König Behringer (Michael Roller) verdrängt den sicheren Tod, den Königin Margarete (Joya Ghosh) ihm ankündigt.

Foto: Michael Thielen

Es ist still im großen Tufa-Saal. Die Akteure auf der Bühne arbeiten konzentriert daran, den inneren Zustand von König Behringer I. herauszuarbeiten. Behringer ist am Ende. Er hat nicht mehr lange zu leben, bäumt sich aber gegen den Tod mit letzter Kraft auf. Margarete, seine erste Frau, redet ihm kühl und nüchtern zu, sich in das unvermeidliche Schicksal zu fügen. Seine zweite, jüngere Gattin Maria (Angela Seebach) versucht anfangs noch, seine Lebenskraft zu stärken. Aber je länger das Klammern Behringers an sein zu Ende gehendes Leben dauert, desto klarer erkennt sie, wie hoffnungslos dieses Unterfangen ist.

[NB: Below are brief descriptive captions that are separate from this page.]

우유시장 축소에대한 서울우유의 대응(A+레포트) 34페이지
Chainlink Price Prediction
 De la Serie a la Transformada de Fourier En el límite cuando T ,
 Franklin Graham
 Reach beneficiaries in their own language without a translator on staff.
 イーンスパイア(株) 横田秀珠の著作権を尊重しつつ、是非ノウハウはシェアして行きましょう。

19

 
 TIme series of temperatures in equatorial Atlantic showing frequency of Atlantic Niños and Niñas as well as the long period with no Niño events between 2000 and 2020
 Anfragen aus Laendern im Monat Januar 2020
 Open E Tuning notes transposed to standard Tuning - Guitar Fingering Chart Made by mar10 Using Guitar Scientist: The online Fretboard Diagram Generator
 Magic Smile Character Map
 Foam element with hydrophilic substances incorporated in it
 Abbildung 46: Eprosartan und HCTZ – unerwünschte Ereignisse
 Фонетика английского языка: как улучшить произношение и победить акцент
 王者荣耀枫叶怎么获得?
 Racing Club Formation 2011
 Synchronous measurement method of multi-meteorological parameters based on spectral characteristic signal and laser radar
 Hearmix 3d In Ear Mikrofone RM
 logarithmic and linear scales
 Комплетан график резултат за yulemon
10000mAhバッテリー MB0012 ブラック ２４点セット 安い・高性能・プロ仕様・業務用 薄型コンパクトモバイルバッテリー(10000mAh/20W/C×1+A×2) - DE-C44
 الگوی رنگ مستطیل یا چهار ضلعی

Regisseur Freyberg greift ein: „Nein, Behringer ist schon zu schwach, um sich mit beiden Armen abzustützen, wenn er sich in den Sessel setzt.“ Michael Roller als Behringer fällt in sich zusammen, sinkt, kraft- und energielos, langsam in den Sessel. „Ja, schön“, kommentiert Freyberg. „Da kommt sein Gemütszustand sehr gut zur Geltung.“ Freyberg ist kein Regie-Boss, sondern Teil eines Teams. Und dieses Ensemble des „Théâtre Gérard“, das er aus Mitgliedern des Katz-Theaters rekrutiert hat, arbeitet mit großem Engagement und vielen Regievorschlägen an diesem bisweilen sperrigen und langatmigen Stück. „Ich musste viel Text kürzen“, sagt Freyberg, „es wird manchmal zu viel geredet“. Mit der Inszenierung dieses Stücks von Ionesco habe er sich einen langgehegten Traum erfüllt, sagt er. Jetzt habe er endlich einen Schauspieler gefunden, dem er die schwierige Rolle des Behringer anvertrauen könne. Es geht um das vergebliche Festhalten am Leben, darum, wie man mit dem nahen Tod und der Angst davor umgeht. Um den sinnlosen Kampf gegen Verfall und Auflösungserscheinungen, um das lächerliche Festhalten an Äußerlichkeiten, um Selbsttäuschung im Angesicht des Untergangs.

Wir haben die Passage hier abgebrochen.